The article, by the way, is here:
http://www.classical-music.com/news/stéphane-denève-appointed-chief-conductor-brussels-philharmonic

All a healthy sign, in my view. I would like to tap on people's knowledge base here and ask:

How have works over the course of the 20th century made their way into the repertoire? 
What role did commissions play? Conductors? Critics? The public? Other advocates? 
What have sometimes been the ups and downs of the process?


----------



## ComposerOfAvantGarde (Dec 2, 2011)

Good thing for composers! I do hope audience snobbery doesn't amount to a lesser number of tickets being sold though. My local symphony orchestra every year puts on a festival of new music, three orchestral concerts showcasing a resident composer (and a winning composition of a younger local composer) and a large number of chamber performances of premieres by local composers as well as international ones. So far this has been a huge success and I have never heard of any negative criticism of this idea....it would be interesting to see how Brussels Phil goes with audience reception. I hope it is as successful, or more!


----------



## Alypius (Jan 23, 2013)

The idea of a "artist-in-residence" (and the funding that goes along with that) has been a fairly successful way that I've heard of. John Adams got a good jumpstart to his composing career by becoming the artist-in-residence for the San Francisco Symphony. Here, by the way, is a link to a talk Adams gave at the San Francisco Conservatory of Music, talking about his early teaching experiences and how the Conservatory became a venue that helps his composing:
http://www.earbox.com/essays-by-john-adams/conservatory-days

I know that Robert Spano of the Atlanta Symphony and Michael Stern of the Kansas City Symphony are both advocates of and conductors of new music. Spano has promoted Osvaldo Golijov's _Pasion segun san Marcos_ and _Oceana_, Christopher Theofanidis' _Rainbow Body_, Jennifer Higdon's _blue cathedral_ and _Concerto for Orchestra_, Michael Gandolfi's _Garden of Cosmic Speculation_. While not all of these works appeal to me personally, I appreciate Spano's efforts.

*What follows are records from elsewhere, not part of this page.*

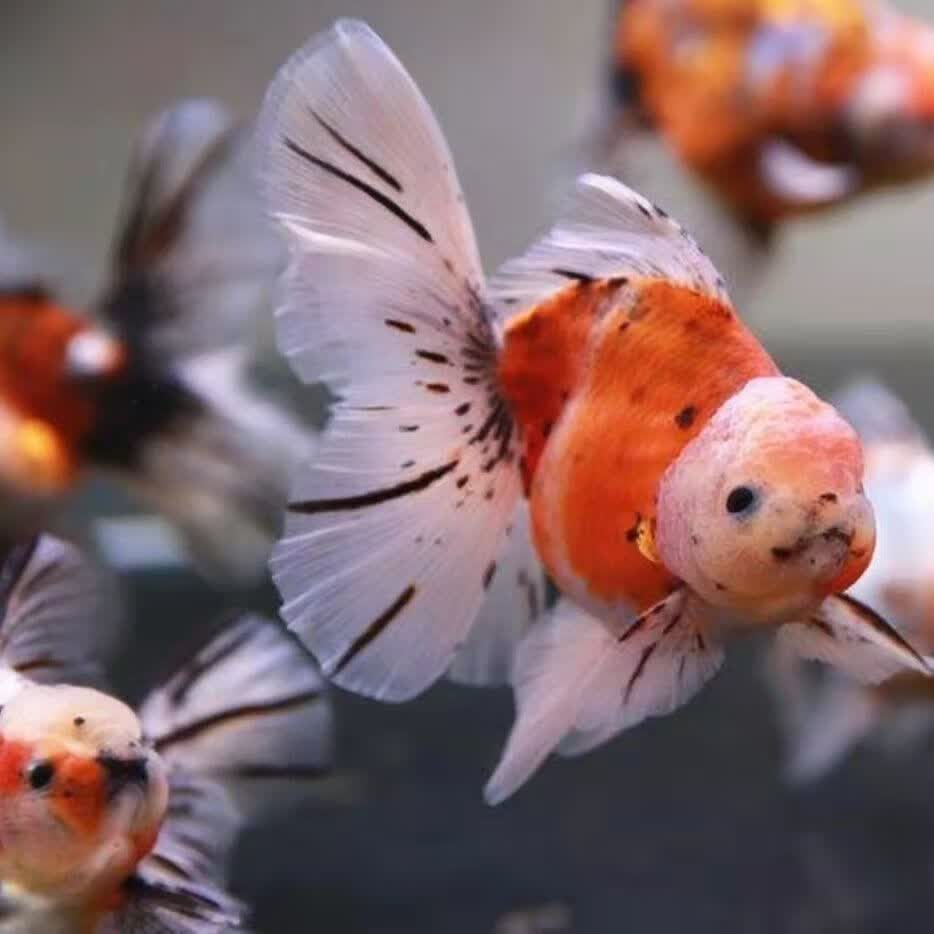 精品百褶五花泰狮(6-7cm) 2条(价格实惠)【图片 价格 品牌 报价】-京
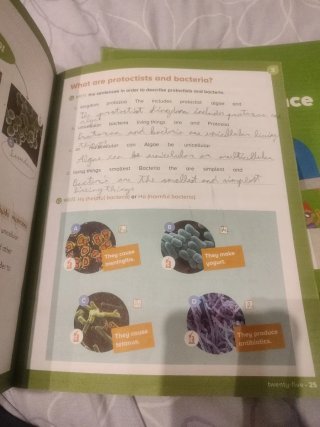 Ciencias de la Naturaleza, 4 Primaria, Proyecto...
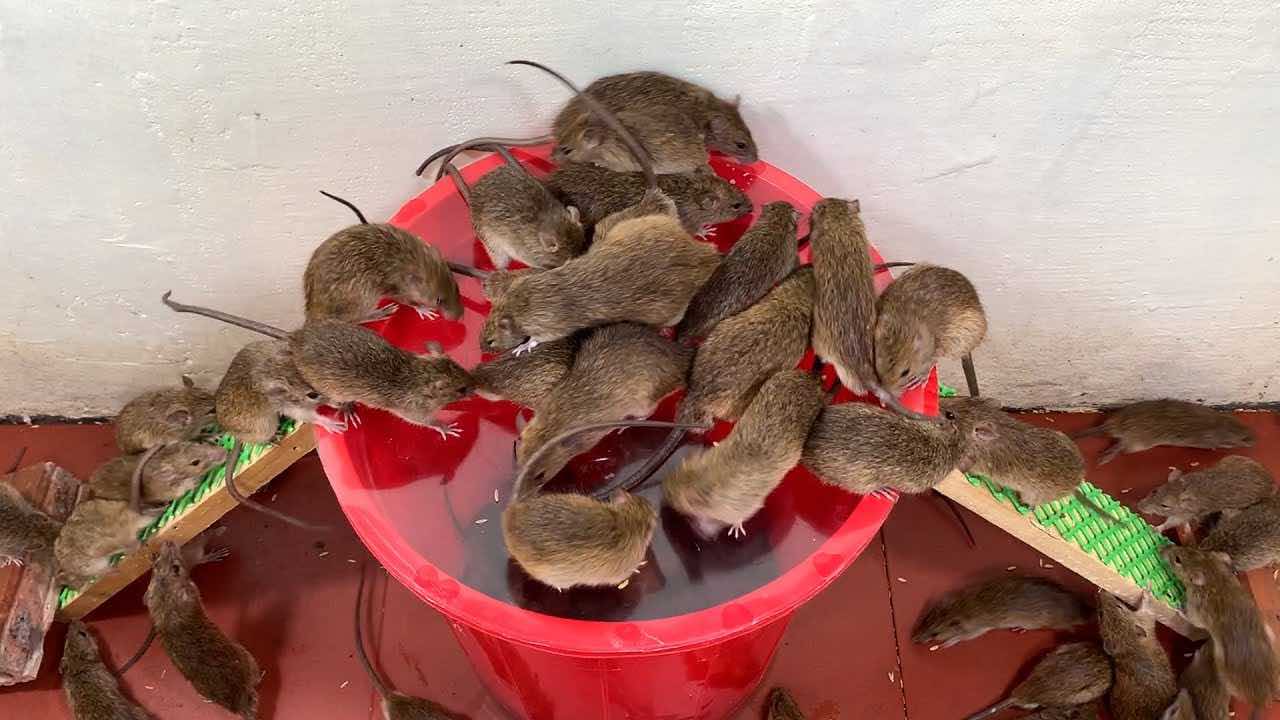 ratones en la casa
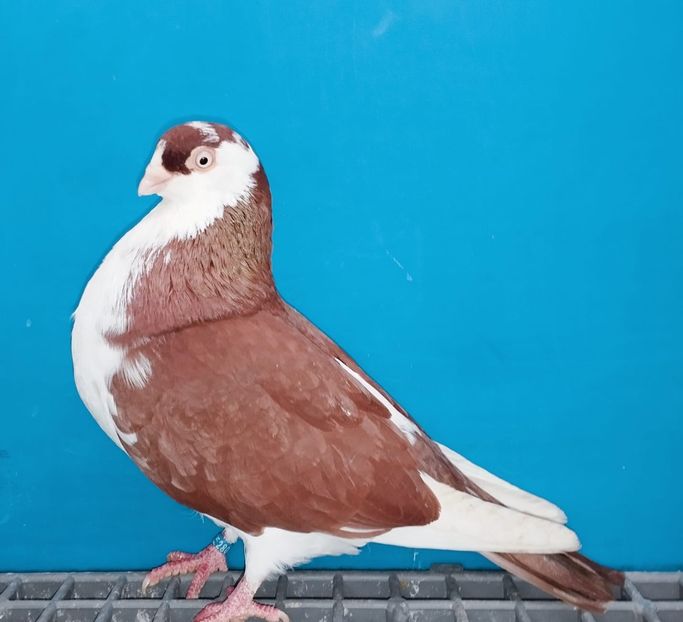 28003  Mascul  2024 - Jucători de Galați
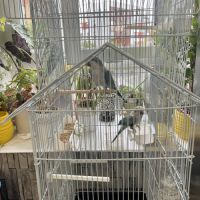 Couple perruches souris #3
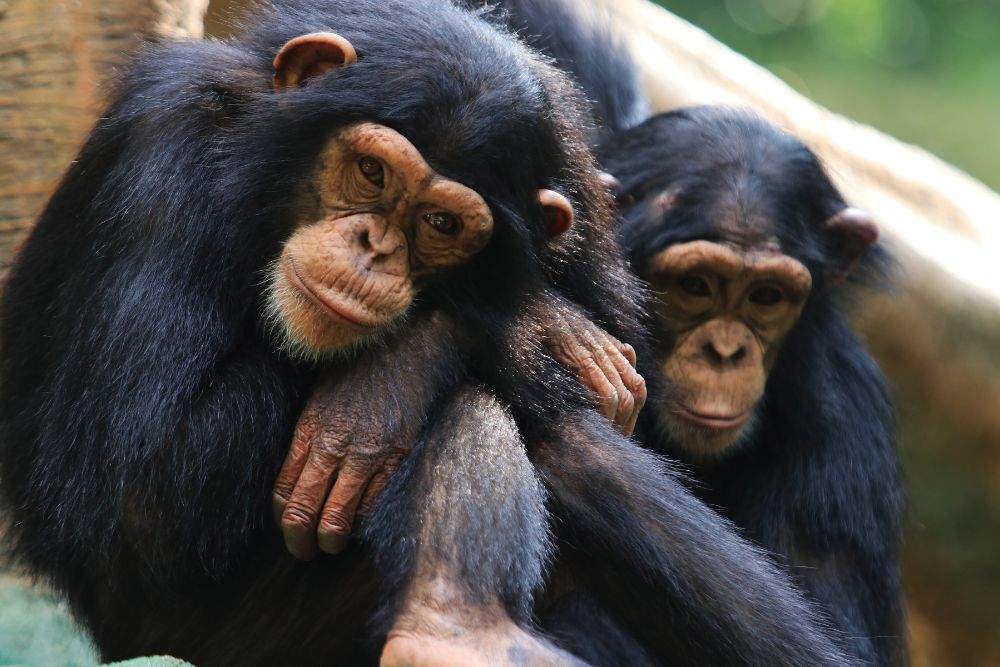 Ruanda gorilla di montagna Bwindi Uganda foresta pluviale gruppo viaggio CGTravel Uganda safari Ruanda gorilla di montagna Bwindi Uganda foresta pluviale gruppo viaggio CGTravel Uganda safari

Does anyone know the story of Serge Koussevitzky? I have read that he played a pivotal role during Bartok's career in the U.S., that he had a hand in getting _Concerto for Orchestra_ commissioned.


----------



## Mahlerian (Nov 27, 2012)

Alypius said:


> Does anyone know the story of Serge Koussevitzky? I have read that he played a pivotal role during Bartok's career in the U.S., that he had a hand in getting _Concerto for Orchestra_ commissioned.


He was a great champion of new music. He also commissioned Stravinsky's _Symphony of Psalms_!

A name of the utmost importance for the post-WWII avant-garde was Paul Sacher, whose name ended up forming the Sacher hexachord!


----------



## Guest (Jul 2, 2014)

*The bad news, however, is...*



Alypius said:


> Cffor is gathering information on works premiered since January 2000 by professional symphonic ensembles of 60 players or more.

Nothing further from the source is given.